**What you should do**
Look below for the line with "Berlin - Vintage". Retype it and every line after it to the end, exactly, but leave out the pictures.

**Data shown**
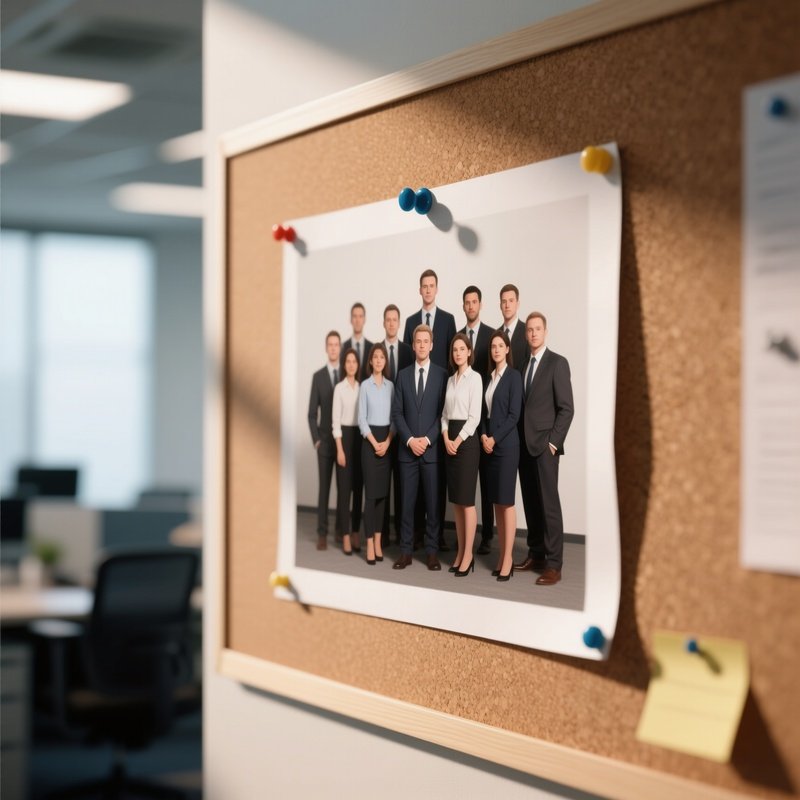 A Photorealistic Team Photo Pinned To A Corkboard With Soft Shadows And Blurred Office Movement Behind It.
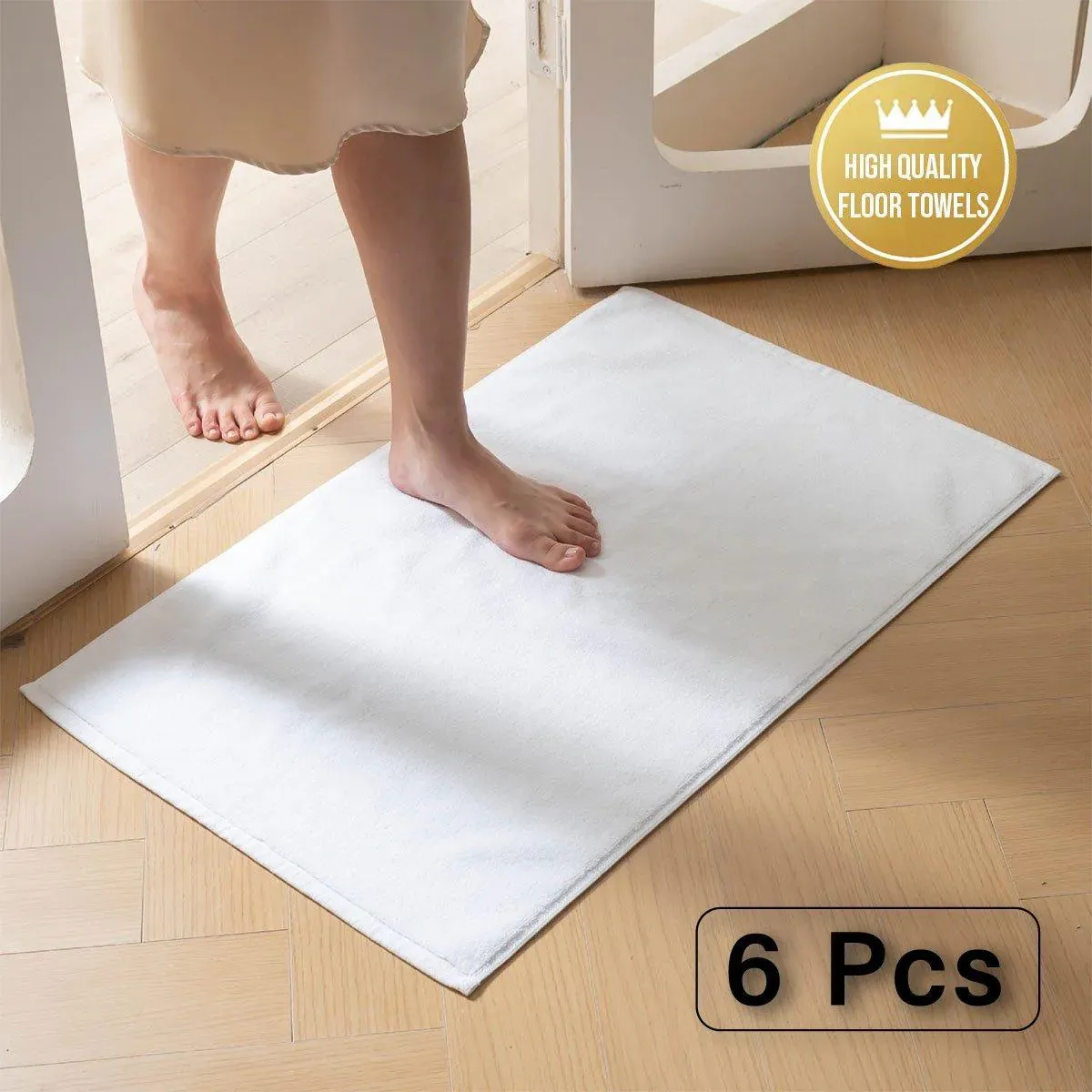 6PCS Absorbent Non Slip Bathroom Floor Mat Towel 50x80cm for Hotel Home Use - 400g β image 2
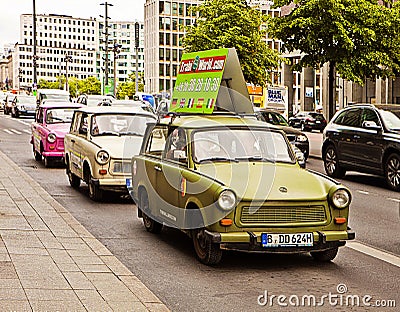 Berlin - Vintage Trabant cars advertising the Trabi Museum Editorial Stock Photo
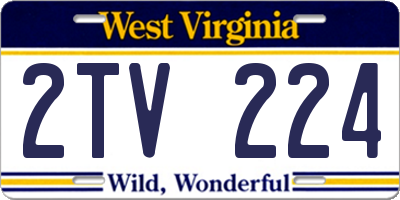 WV license plate 2TV224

**The answer**
 Berlin - Vintage Trabant cars advertising the Trabi Museum Editorial Stock Photo
 WV license plate 2TV224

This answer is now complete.